The monsters which, from the epoch of the first foetal babies, and through multiple avatars, have been in Dado one of the operating means of his presenta-tion, the monsters have rediscovered their massive and global, precise and indistinct, presence, a moment abandoned to the epoch of the beaches strewn with solitary beings, in which the painters aim seemed to be dominated by a spatial problem: that of finding an order of presentation which was neither that of classical perspective nor that of the naive juxtaposition of forms without illusion of depth, nor that of the suppression of voids (all organizations exausted by Dado). In 1969, at the moment of the beaches, Dado tried a superposition of planes, parallel to the bottom of the picture, the last band being occupied by the sky. There is no doubt that this series of cuts constituted a stage in his actual evolution, which has integrated in a magistral fashion the geometry lesson. Dado’s invention is a sort of vast sloping plane which constitutes a means of reversed perspective (breaking out toward the spectator) and henceforth serves as a stage or a floor for the painting. This platform, or tiled surface, or passage-way (constructed and graduated) seems to serve a double purpose: that of involving the reader more directly, in short of threatening him, in a slide which carries along and orients the presentation toward him, and by disinvolving the painter, on the contrary, more completely as far as subjectivity is concerned. For this scene-setting and this counter-perspective permit him to take a new distance with respect to his picture.

And on the dangerous soil which simultaneously welcomes prints and rubs them out by crumbling away, the familiar, daily object, minutely described and represented, which –buildings, furniture, clothing– always has its place in the work of Dado, finally takes on its full value and its sense. The why of the café-tobacconist’s of Gisors of a dog house or an old overshoe, seize us at last with force, in a canvas like The Children’s Room, where two dilapidated little chairs are the illusion, the clue in representation, to a world which is neither a frame, nor a setting, but a fragment already in fragments.

The Midnight Supper

The Midnight Supper (Le Réveillon), 1971, oil on canvas, 200 × 185 cm.

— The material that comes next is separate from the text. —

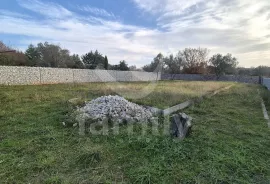 GRAĐEVINSKA PARCELA NA MIRNOJ LOKACIJI, Vodnjan, Terra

This canvas, The Children’s Room, is a strange picture. More accomplished still, perhaps, than the Réveillon (where the role of the chairs is played by bottles) or Menage (Housekeeping), more baroque with its bucket, its brush and its tin can. The Children’s Room is beyond a doubt a picture-landmark, as in former times, Thomas More, which permits measuring the distance already run: presentation freed from the habits of looking, lodged finally in a structure of space which is particular to it; a freer demolition of the metaphor; a representation more completely integrated into that which denies it.

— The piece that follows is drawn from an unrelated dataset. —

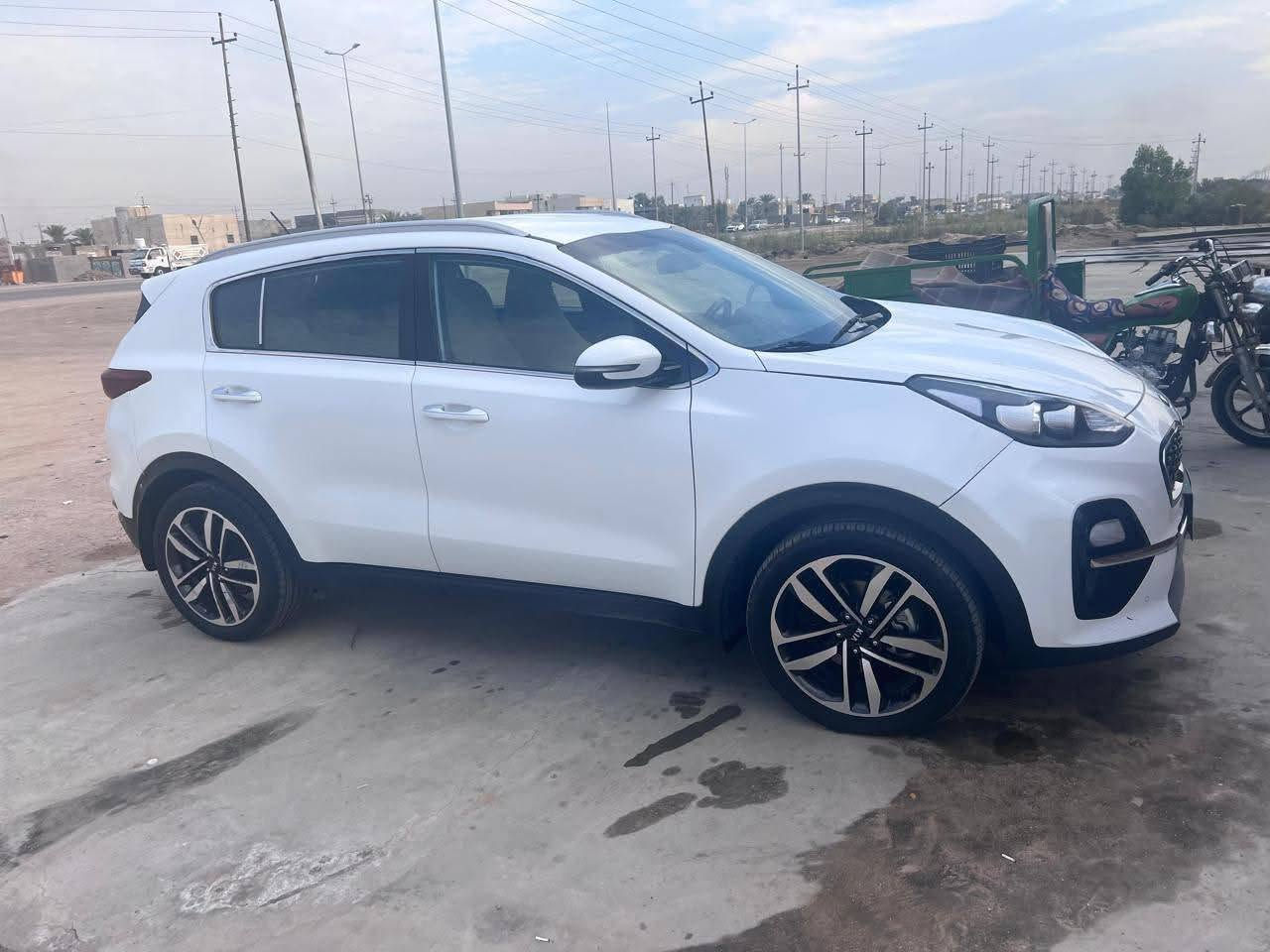 سبورتج 2019 خليجي كفاله بس الموضح بالصوره بيهه
السعر 175 وبيهه مجال
رقم بصره
***********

Thus Dado has known how to break the antique enclosure which imprisons the painter and is, for that very reason, situated at the point of contemporary art. Beyond the deceiving evidence of his monsters and the seductions of his palette, this work –one of the most important of the present time– remains also one of the most difficult. A cruel presentation –teratology and cataclysms– but nevertheless serene because of the absence of the painting “I,” it seems that the reversed setting by Dado has taken as its precept the very one of Arthaud with respect to the theater of cruelty. He said, “Theater should equal life, not individual life, nor of that individual aspect of life in which CHARACTERS triumph, but a sort of liberated life, which sweeps away human individuality and in which man is nothing more than a reflection.”